Sight reading in 3...2...1...GO!
The topic of sight reading continues to rear its head in my teaching and discussions with colleagues. Notice I didn't say "ugly"! To me, sight reading is one of the most enjoyable musical experiences we can have. Sight reading a new piece can lend an air of excitement and the unexpected to times where we find ourselves playing the "same old, same old"! Sight reading is also a very trainable skill.
In my current job, I have a lot of opportunities to sight read. I often show up to a band commitment or a brass quintet performance and am required to read new music. Especially on my longer days, the conductor may start pulling out pieces that don't get performed often, or that are new to most of us. How does one go about becoming a better sight reader?!?!

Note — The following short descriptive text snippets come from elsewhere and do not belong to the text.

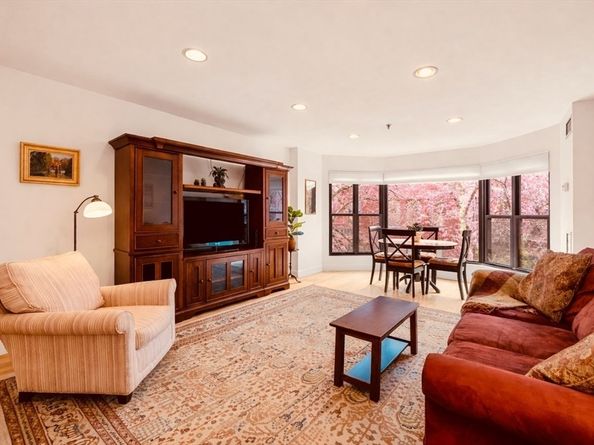 16 Harcourt St 3D, Boston MA 02116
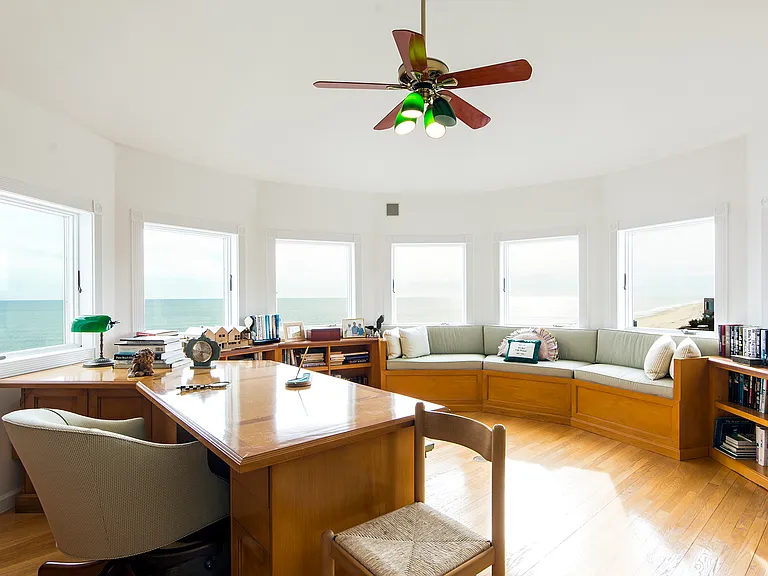 390 Old Montauk Hwy — Photo 10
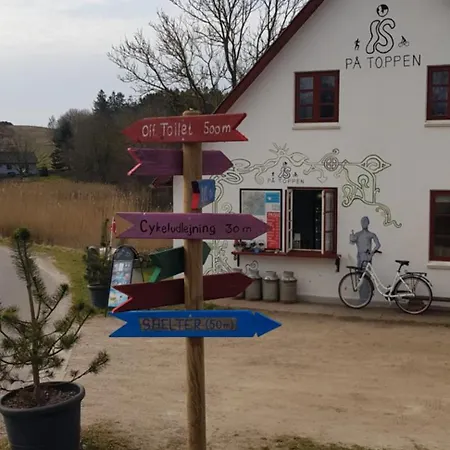 Pa Toppen - Cafe Og Herberg - For Cykel Og Vandrefolk Knebel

First and foremost, and quite obviously, you must actually practice sight reading. "No joke!", you say. This is one of those skills that gets talked about, and most people know how to do, but few rarely ever actually work on it! It is also a skill that I feel most musicians don't take seriously enough. When you need it, you really need it!

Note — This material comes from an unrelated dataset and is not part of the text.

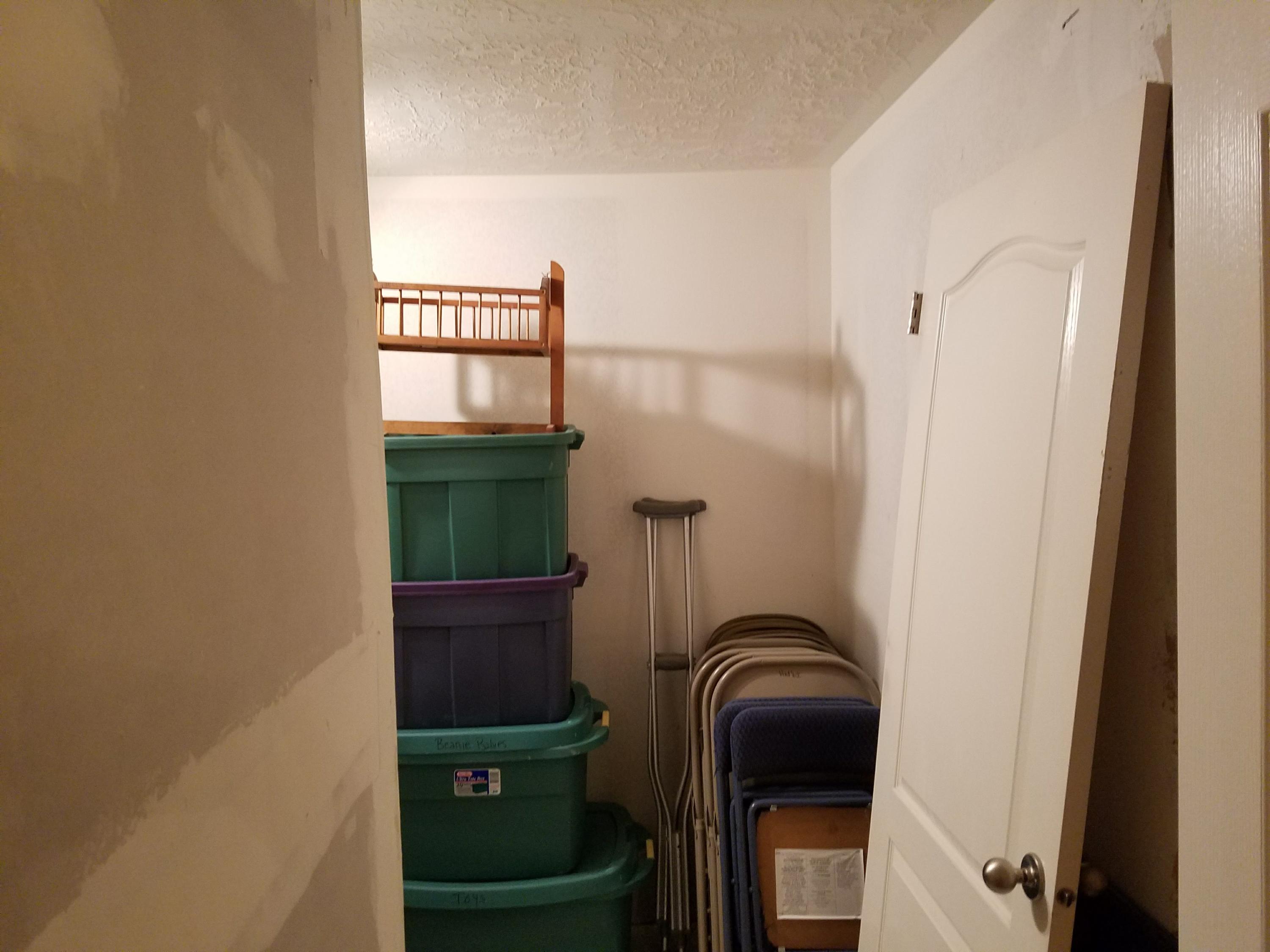 908 E Nichols Canyon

There are a few avenues of approach here... If you are getting ready for a band or orchestra audition, then the most helpful thing is to go to your school's music library and ask for 2 or 3 pieces at a time to take out and read through... The more music you know, the better your chances of successful sight reading on a job or audition. As the old saying goes, "the best way to get better at sight reading is to never have to sight read!"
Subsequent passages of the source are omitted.